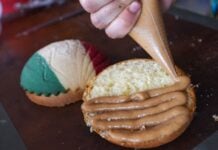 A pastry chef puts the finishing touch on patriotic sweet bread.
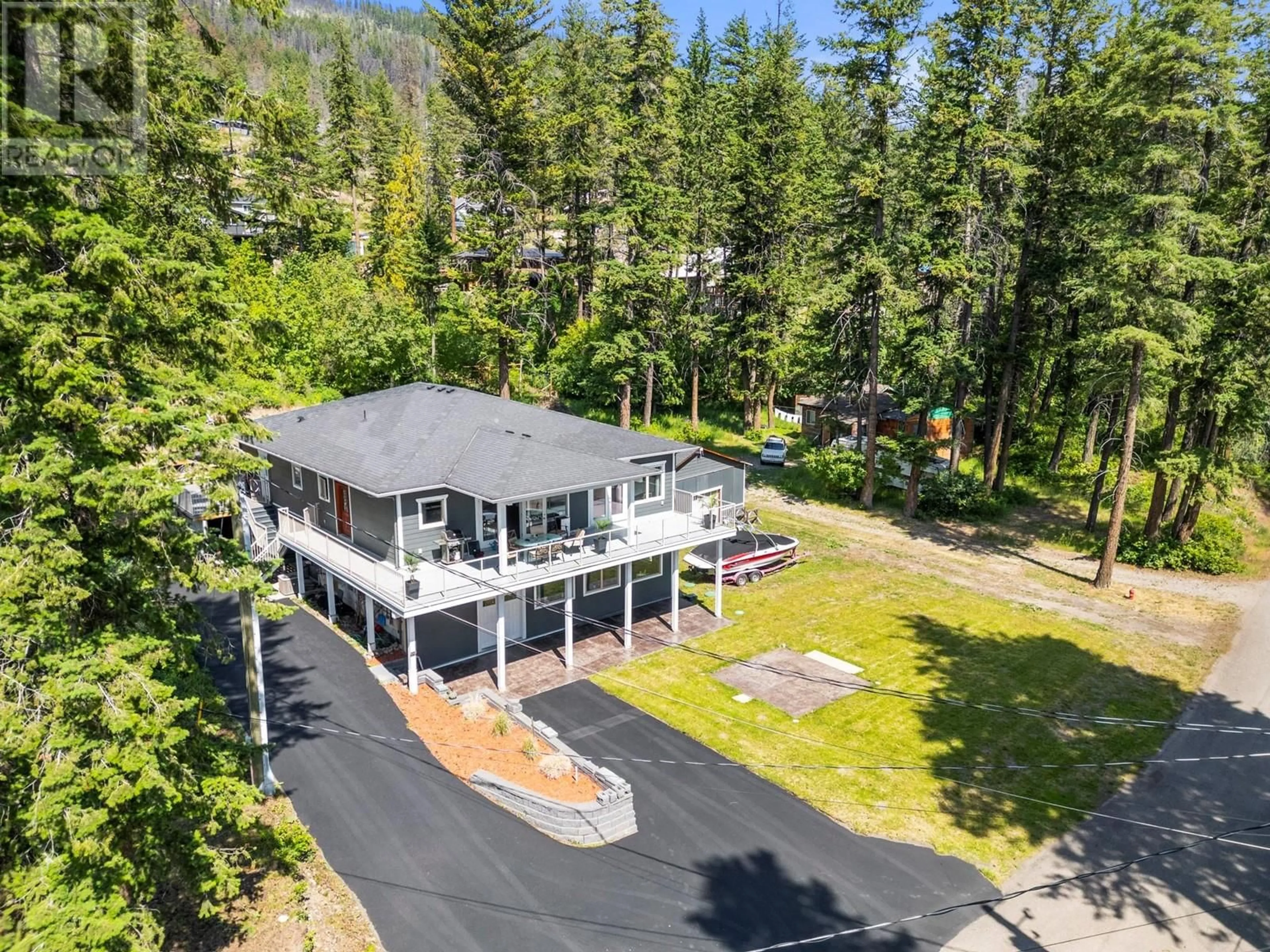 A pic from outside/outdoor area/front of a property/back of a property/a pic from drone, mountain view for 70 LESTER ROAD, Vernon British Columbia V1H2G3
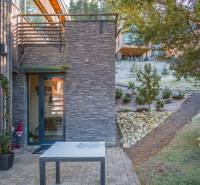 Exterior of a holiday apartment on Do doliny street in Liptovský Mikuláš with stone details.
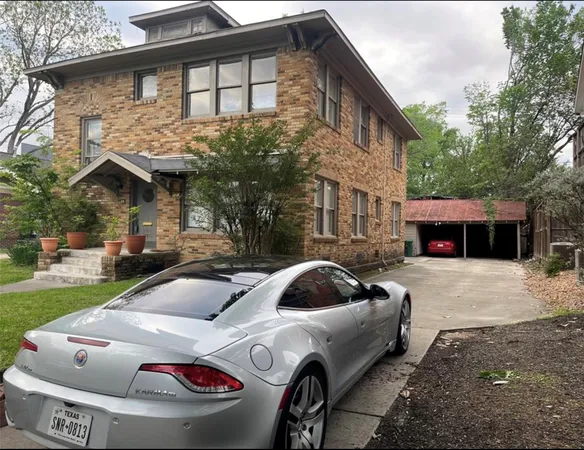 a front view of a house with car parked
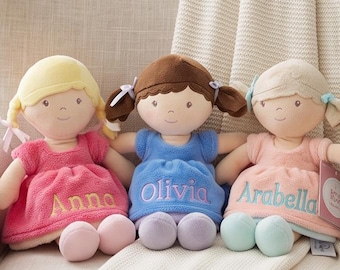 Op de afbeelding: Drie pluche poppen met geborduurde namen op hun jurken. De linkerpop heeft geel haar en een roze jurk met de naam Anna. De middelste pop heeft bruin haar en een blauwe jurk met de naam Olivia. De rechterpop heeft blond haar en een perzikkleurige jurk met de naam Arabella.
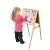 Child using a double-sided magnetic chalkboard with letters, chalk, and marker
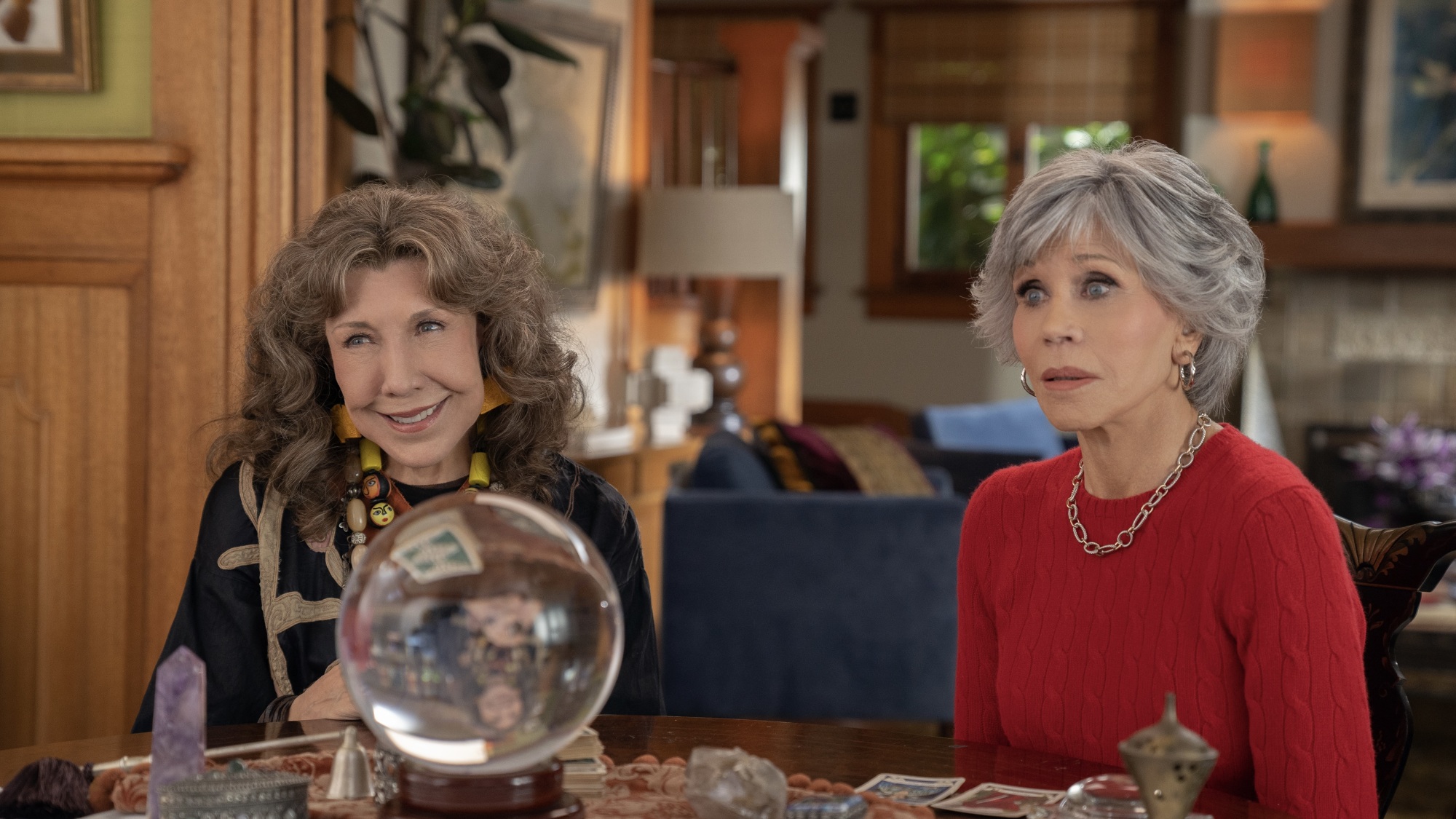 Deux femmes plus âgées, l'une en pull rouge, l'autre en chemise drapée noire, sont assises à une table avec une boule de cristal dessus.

__TASK OBJECTIVE__
Reproduce each entry precisely, dropping only the pictures.

__RESPONSE TO THE TASK__
 A pastry chef puts the finishing touch on patriotic sweet bread.
 A pic from outside/outdoor area/front of a property/back of a property/a pic from drone, mountain view for 70 LESTER ROAD, Vernon British Columbia V1H2G3
 Exterior of a holiday apartment on Do doliny street in Liptovský Mikuláš with stone details.
 a front view of a house with car parked
 Op de afbeelding: Drie pluche poppen met geborduurde namen op hun jurken. De linkerpop heeft geel haar en een roze jurk met de naam Anna. De middelste pop heeft bruin haar en een blauwe jurk met de naam Olivia. De rechterpop heeft blond haar en een perzikkleurige jurk met de naam Arabella.
 Child using a double-sided magnetic chalkboard with letters, chalk, and marker
 Deux femmes plus âgées, l'une en pull rouge, l'autre en chemise drapée noire, sont assises à une table avec une boule de cristal dessus.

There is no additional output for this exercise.